Iker na Santíssima Trindade (artigo de José Manuel Delgado)

CRÓNICAS DE UM MUNDO NOVO 02-07-20 3:25
Por José Manuel Delgado

Iker Casillas assumiu o fim da carreira. Para um dos maiores guarda-redes da História, o futebol tem apenas duas palavras: «gracias», pelos 725 jogos pelo Real Madrid e pelas 167 internacionalizações por Espanha, e «obrigado», pelas 156 partidas que disputou de dragão ao peito, emprestando a sua visibilidade planetária à Liga portuguesa. Em tempos, como aqueles que vivemos, em que a clubite no nosso país é mais estúpida, mas sectária e mais redutora do que em qualquer outra era, há que dizer que Iker Casillas, campeão com o FC Porto merece todo o respeito, consideração e agradecimento dos adeptos lusos. Casillas deu-nos mais do que levou, emprestou à nossa Liga um prestígio de ‘ganhador de tudo’ e vai integrar uma Santíssima Trindade de guarda-redes estrangeiros que marcaram o futebol português, ao lado de Michel Preud’Homme e Peter Schmeichel.

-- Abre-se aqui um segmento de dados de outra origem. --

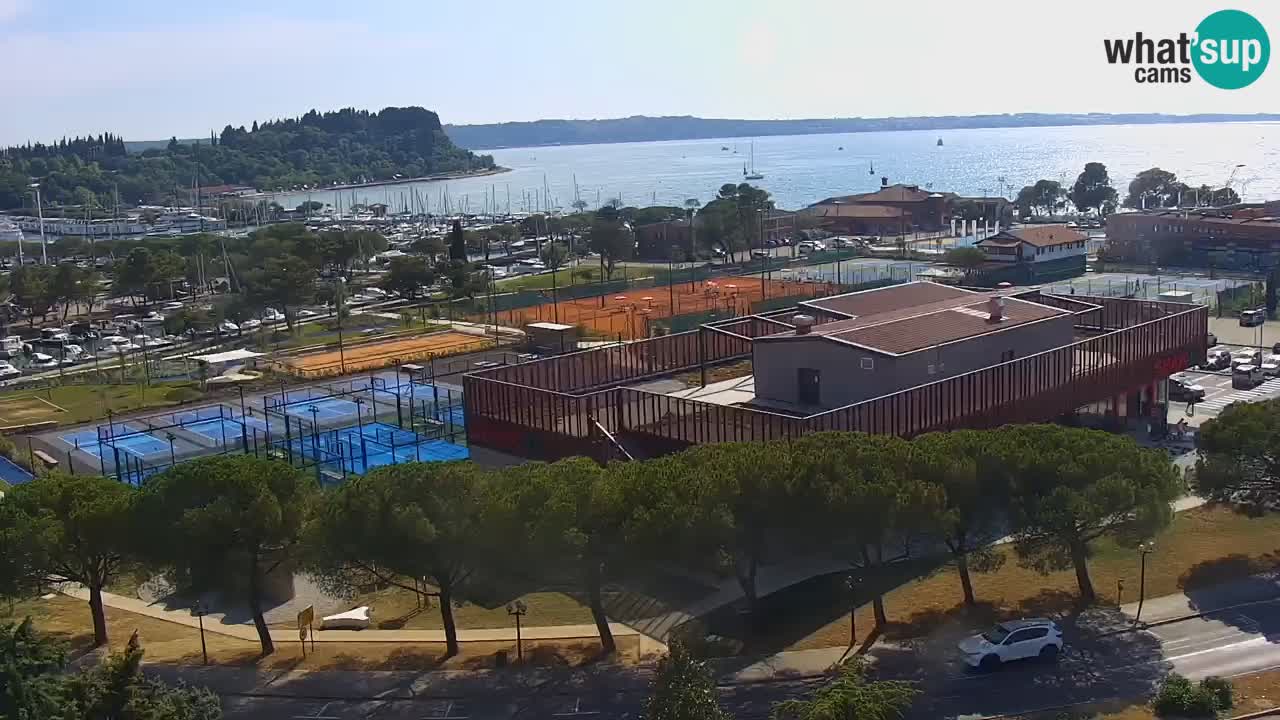 Portorož spletna kamera – pogled na marino in teniška igrišča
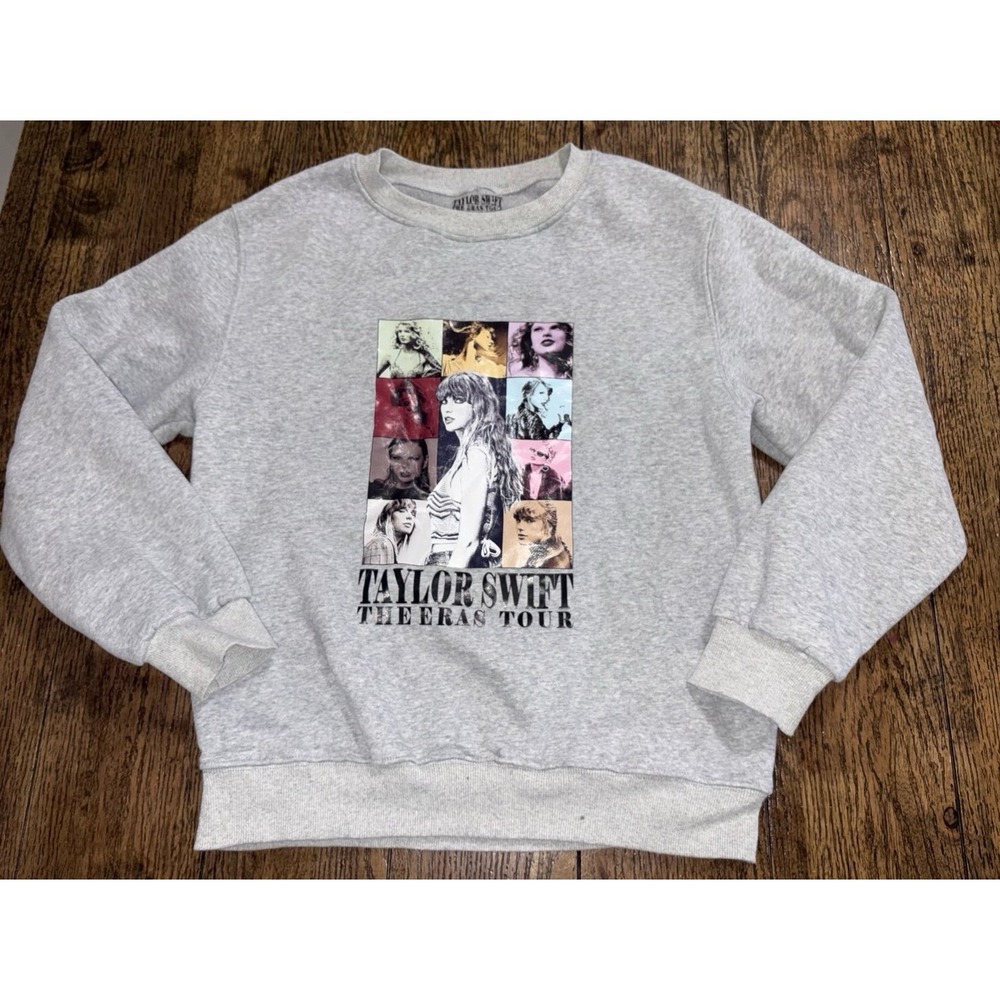 Taylor Swift The Eras Tour Crewneck Sweatshirt Heather Gray Adult Size Small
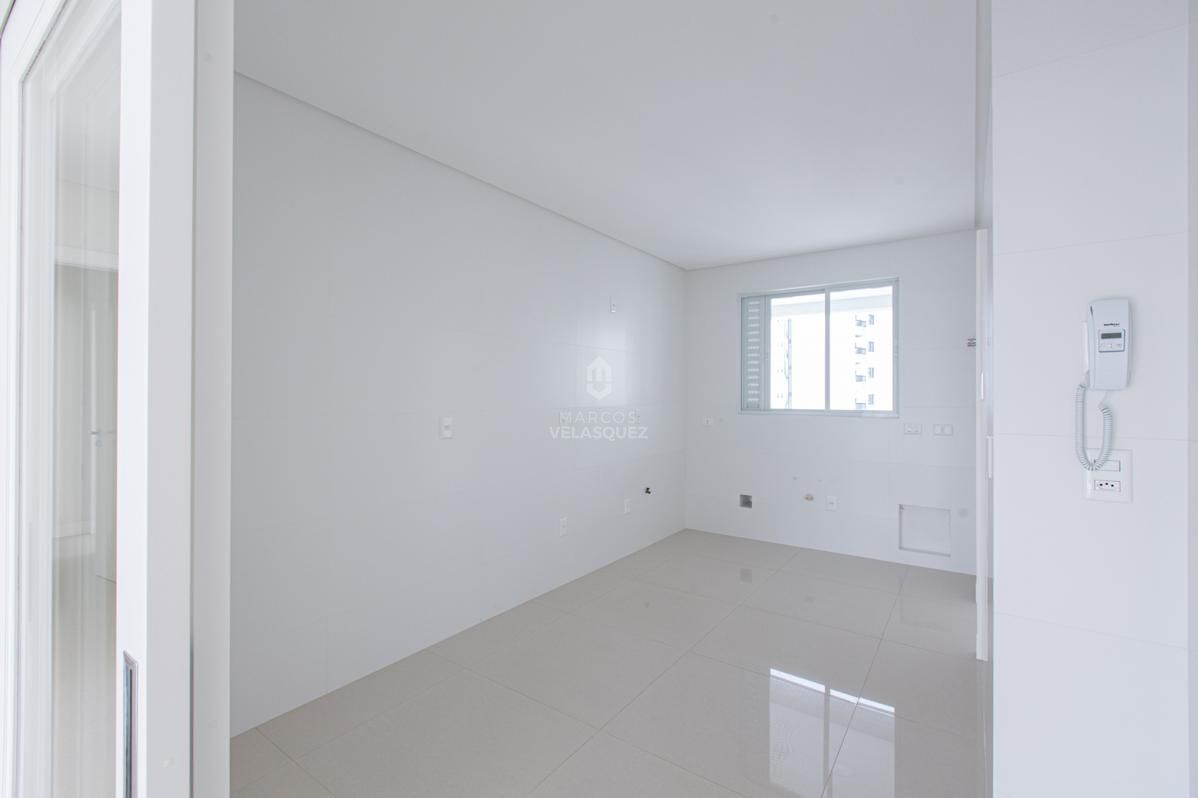 Apartamento à venda com 4 quartos, 167m² - Foto 12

Dos três, Preud’Homme foi o que teve mais azar por ter-se cruzado com um Benfica de escassa capacidade competitiva, que o impediu de conquistar os títulos que a sua classe pura mais do que justificava. Mas o fora-de-série belga pode orgulhar-se da imagem que deixou na Luz, e o Benfica, clube de Manuel Galrinho Bento (e de José Bastos, Costa Pereira e Zé Gato…), também pode incluir Preud’Homme na galeria dos monstros que defenderam a sua baliza, uma dinastia que começou com Manuel Mora, o primeiro guarda-redes do Sport Lisboa, no jogo de estreia, a 1 de janeiro de 1905, numa vitória por 1-0 sobre o Campo de Ourique. Peter Schmeichel, nascido para vencer, foi decisivo no regresso do Sporting à condição de campeão nacional, colocando ponto final num jejum de 18 anos dos leões. O ‘Grand Danois’ chegou a Alvalade com a coroa de campeão europeu, depois da vitória épica, em Barcelona, do Manchester United sobre o Bayern a 26 de maio de 1999, e deixou uma marca de classe, com aquele estilo inconfundível que começámos a apreciar especialmente a partir da vitória da Dinamarca no Europeu de 1992, na Suécia. Nas várias interações que tive, como jornalista, com Schmeichel, uma foi especialmente marcante. A meio de uma entrevista, o gigante dinamarquês, mais novo seis anos do que eu, surpreendeu-me com esta memória: «Tu não deves lembrar-te, mas eu joguei contra ti…» perante a minha surpresa, Schmeichel foi ao detalhe: «Eu estava no Hvidrove, fizemos um estágio em Portugal e defrontámos uma equipa do Benfica, na Luz, antes de vocês partirem para um jogo da Champions, em Liverpool e tu eras o guarda-redes.» Perante a minha cara incrédula, então tinha jogado contra o Schmeichel e não me lembrava, ele teve a crueldade de referir, «ah, e ganhámos 5-0», ao que eu percebi logo por que é que esse episódio se tinha varrido por completo do meu espírito. 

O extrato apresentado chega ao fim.